• [Exercise material]
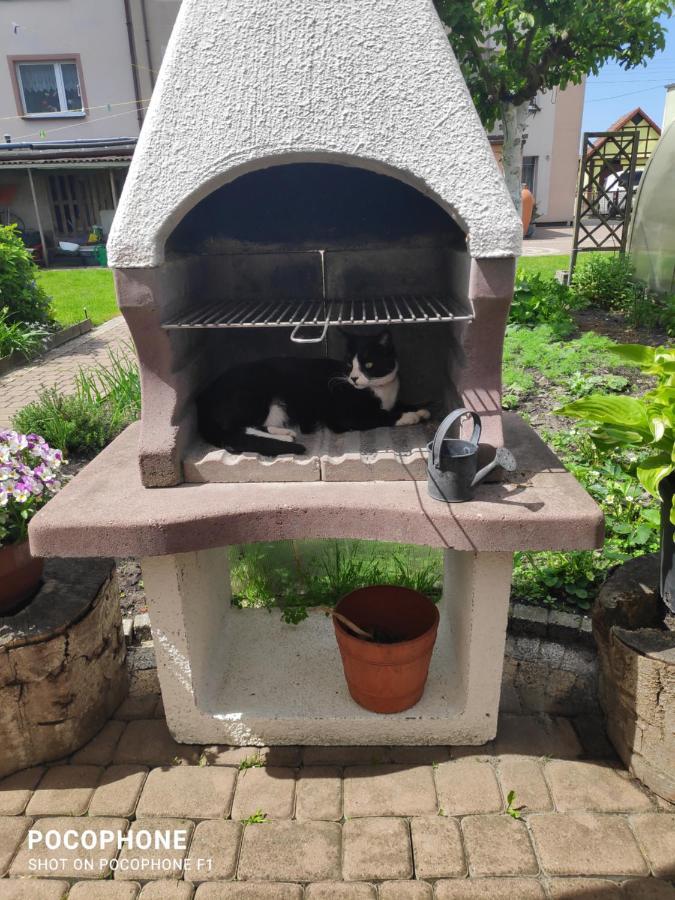 Pokoje Goscinne Moli Леба Екстериор снимка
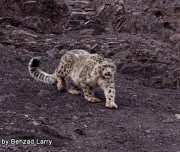 SnowLeopard-Safari-Leh-001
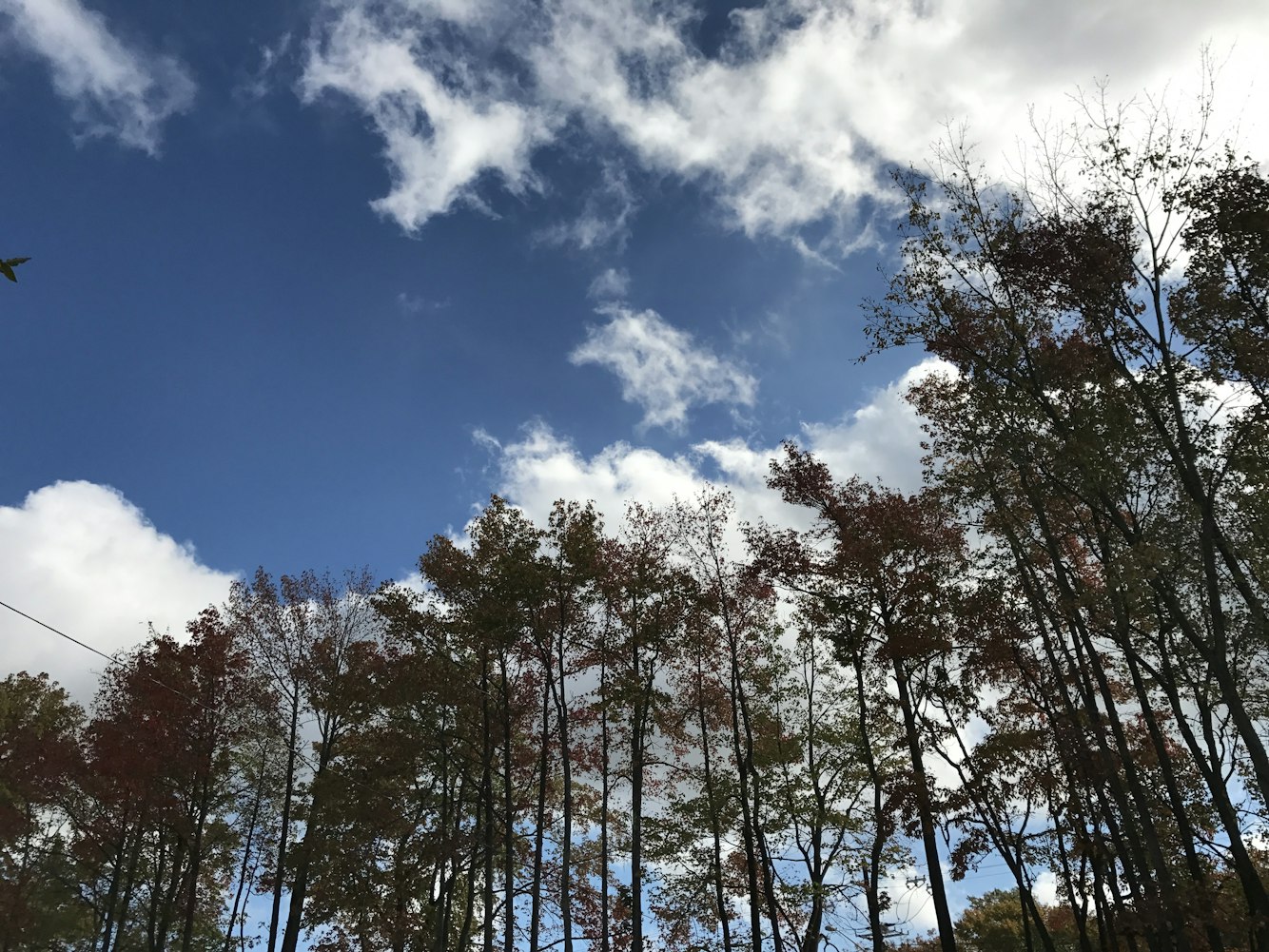 动漫景物壁纸，美化空间的视觉盛宴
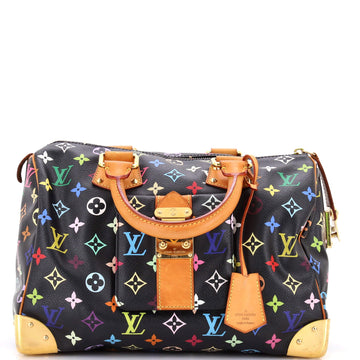 Speedy Handbag Monogram Multicolor 30
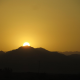 نه به سورویوال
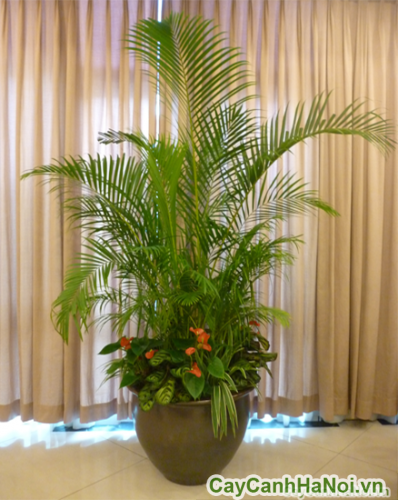 trang tri noi that trang tri noi that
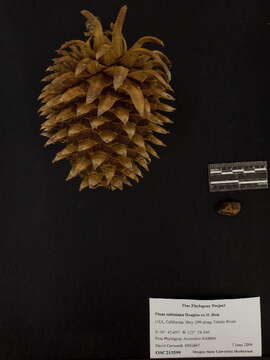 Image of Bull Pine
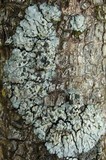 Coccocarpia erythroxyli image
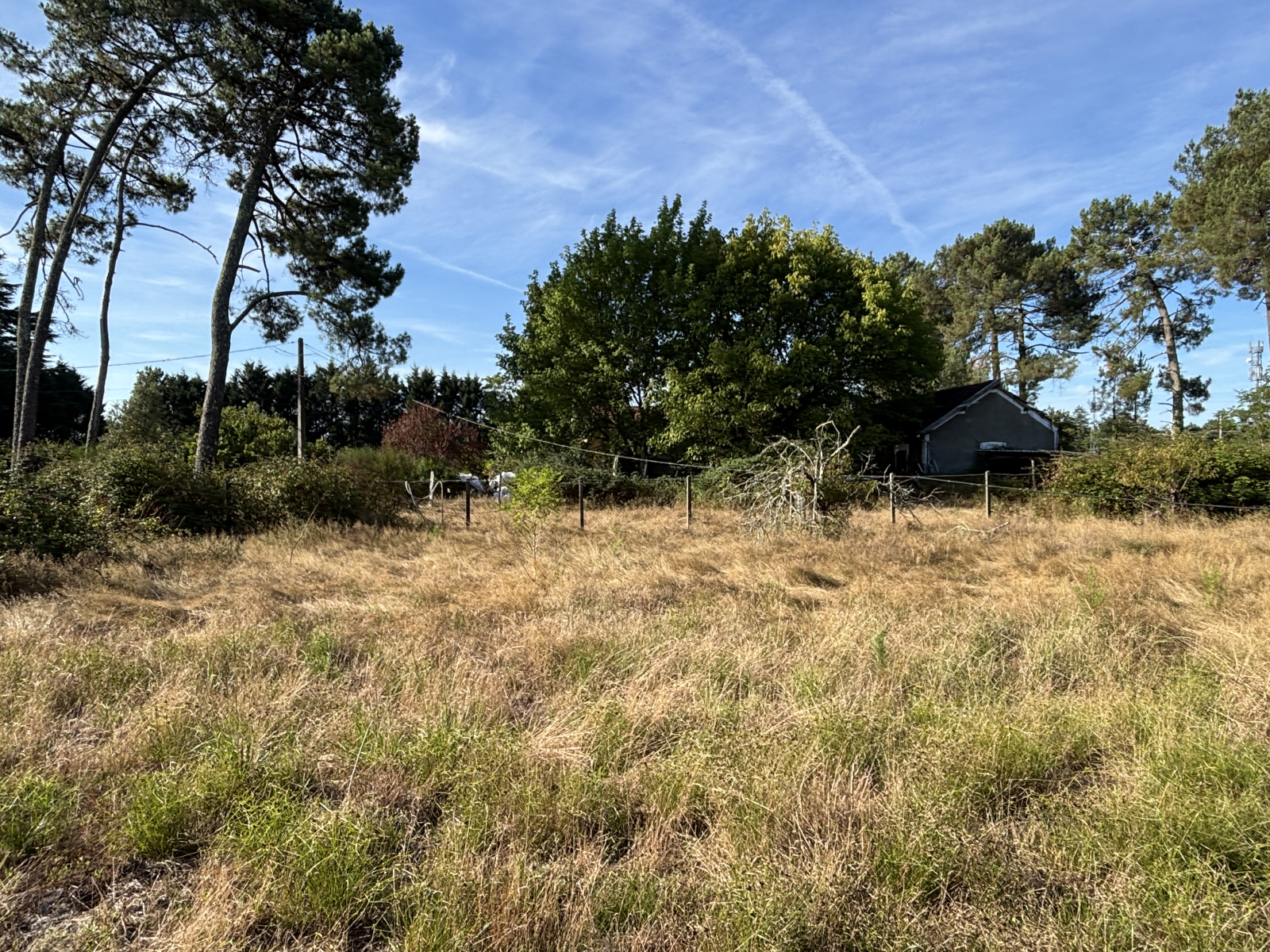 Image_, Terrain à batir, Ychoux, ref :PBVTE440017751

• [Task goal]
Output the records verbatim without pictures.

• [Expected output]
 Pokoje Goscinne Moli Леба Екстериор снимка
 SnowLeopard-Safari-Leh-001
 动漫景物壁纸，美化空间的视觉盛宴
 Speedy Handbag Monogram Multicolor 30
 نه به سورویوال
 trang tri noi that trang tri noi that
 Image of Bull Pine
 Coccocarpia erythroxyli image
 Image_, Terrain à batir, Ychoux, ref :PBVTE440017751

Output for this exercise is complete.